Физический глум подразумевал шуточные драки, нередко стенка на стенку, борьбу на шконках. Играли в актив и отрицал – одни бьют других и орут при этом: «Вступай в актив» – а другой должен продержаться как можно дольше. Когда терпеть уже не можешь, должен сказать: «Расход с глумом», и тогда глум прекращается. Но не всегда, иногда малолетки увлекались, и глум мог перерасти в драку.

В карты на малолетке играли, нарезая колоду из картонных чайных упаковок, но на деньги играть без ведома взрослых было запрещено. Даже на взрослом корпусе был «потолок» – максимальная сумма, разрешённая для игры на деньги. Чтобы превысить потолок, нужно было взять разрешение у смотрящего за игрой. С каждой игры на деньги примерно двадцать процентов должно уделяться на воровское общее. Карточный долг считался святым, не отдавший его становился фуфлом, а с фуфла могли спросить и здоровьем, и деньгами. Даже была такая поговорка: «Фуфло хуже пидараса». На насущное (сигареты, чай) и пайку (положенный каждому арестанту хлеб) играть было запрещено, поэтому на малолетке играли в основном на «мыльно-рыльное».

Конечно, понятия я расписал с точки зрения идеализма воровской идеологии, на деле же всё обстояло несколько по-другому. Часто понятия искажали, не соблюдая их истинную суть и используя в своих интересах. Но зная основы, можно было «раскачать» почти любой «базар» и вывезти за себя вопрос. Знаний, полученных на малолетке, было для этого достаточно, не каждый взросляк знал так воровские понятия, как иной малолетка при авторитете.

Незваные гости

– Старшой76 в нашу сторону! – шнифтовой оторвался от пики, чтобы оповестить хату. Вскоре глазок открылся и раздался звучный бас продольного.

– Через пять минут на выход! – назвал он мою фамилию, и шнифт закрылся.

– К куму скорее всего поведут! – сказал Америка. – Помнишь, что говорили про кумовку?

– Помню, – кивнул я.

Кумовкой называлось заявление о добровольном сотрудничестве с оперативно-режимным отделом, а попросту оперчастью. Сотрудничество подразумевало донос на сокамерников, сдачу мест хранения запрета.
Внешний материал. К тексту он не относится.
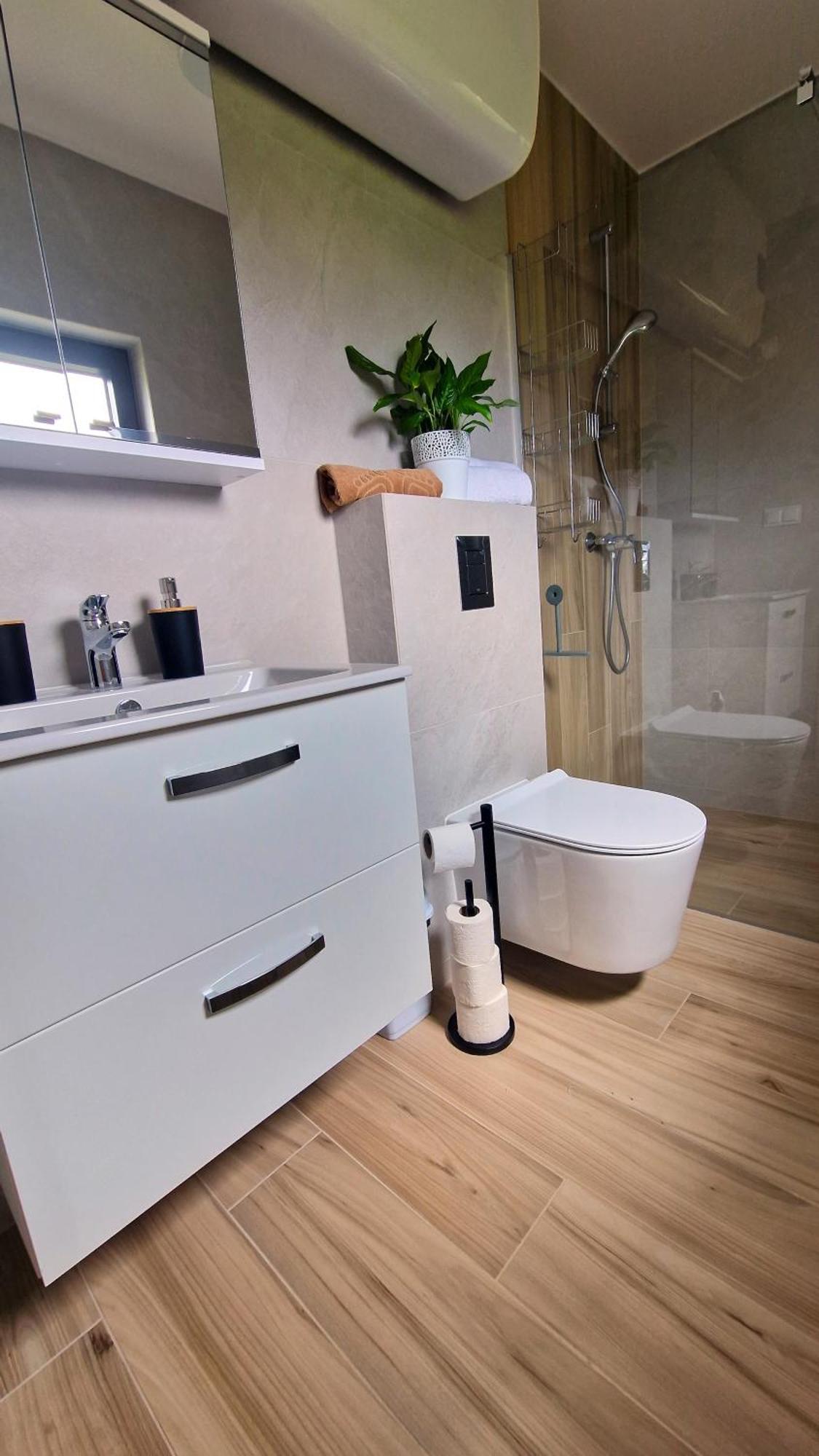 Camping Klif-Nowe Klimatyzowane Domki, 400M Od Centrum Rewala, 30M Od Morza 트르제삭츠 외부 사진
Подписать кумовку значило автоматом стать сукой.

Кумом на малолетке был Гмырин – по рассказам, очень хитрый опер, у которого чуть ли не в каждой хате был свой осведомитель. После того как новый заключённый прибыл на централ, кум вызывал его к себе на беседу и склонял к сотрудничеству. Его суки наносили немалый вред движухе77 на малолетке: благодаря им легавые отшманывали любой запрет, включая средства для налаживания дороги и даже бритвенные лезвия, которыми стригли ногти. Серьёзного запрета, наподобие мобильных телефонов, в камерах для несовершеннолетних преступников не было.
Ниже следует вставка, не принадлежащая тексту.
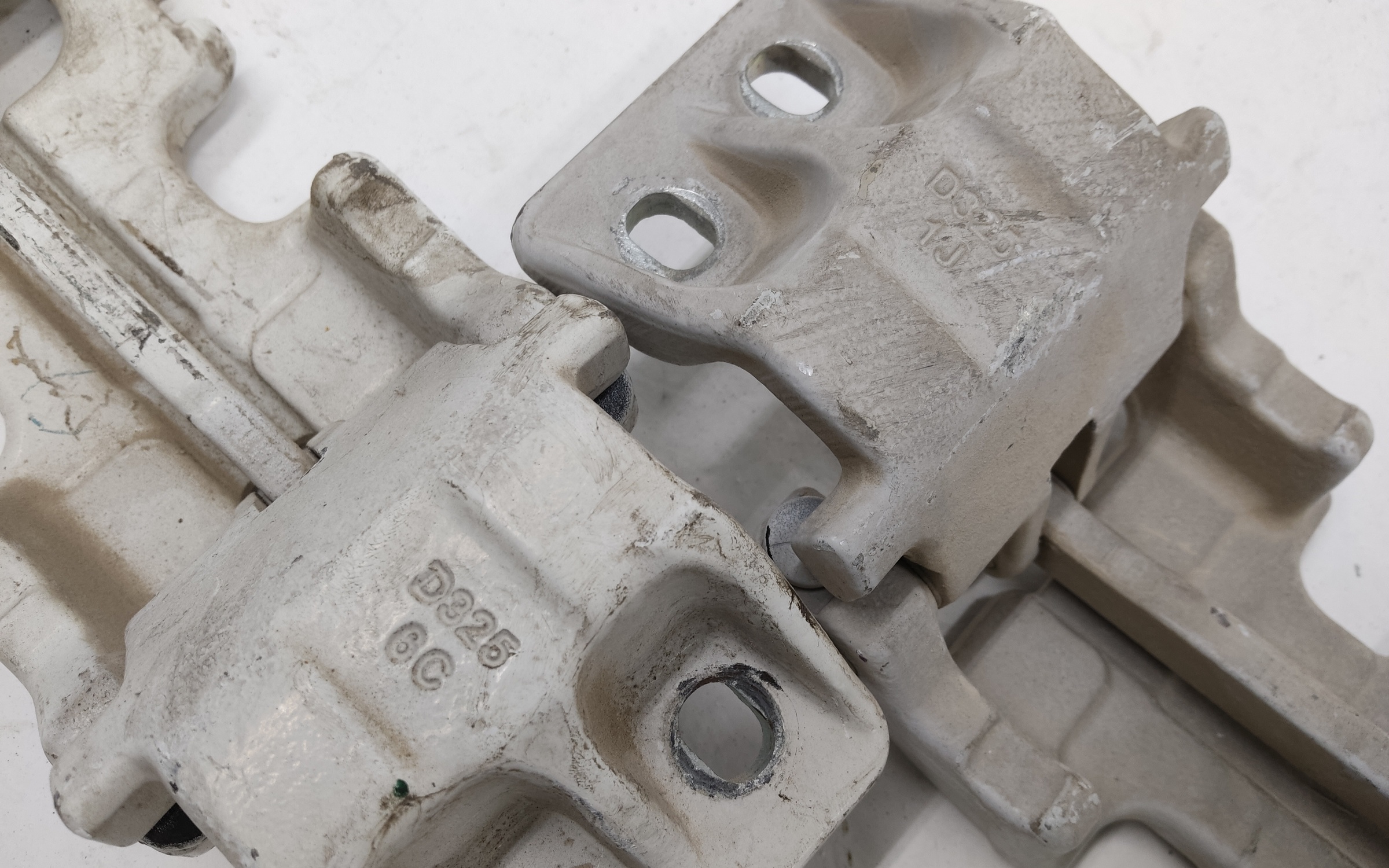 Петли задних дверей Fiat Peugeot 270 градусов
Тормоза открылись, и я вышел на продол. Кабинет Гмырина находился здесь же на этаже, но меня повели дальше, через кишку на административный корпус, где располагались кабинеты для встреч с адвокатами и следователями, помещения для свиданий с родственниками. Вскоре завели в небольшое помещение, где сидел Гмырин – опер с мерзким лицом, полностью соответствующей своей фамилии. С ним было двое мужчин в гражданской одежде. Они оказались сотрудниками отдела по борьбе с экстремизмом78 из УБОПа. Представившись, сразу перешли к делу.

– Ну что, рассказывай про совершённые вами убийства, – получив мой недоуменный взгляд, продолжили. – Твой подельник Александр всё рассказал и сейчас пойдёт домой, будет свидетелем. А вот ты, если не признаешься, будешь сидеть все десять лет.

К слову, я не знал о чём идёт речь, но сразу понял, что по поводу подельника меня берут на понт: к вменяемым убийствам мы отношения не имели. На нас пытались повесить поножовщину армян на подмосковной станции электричек и ещё пару висяков. Я ждал, что признание начнут выбивать силой, но опера пока просто беседовали.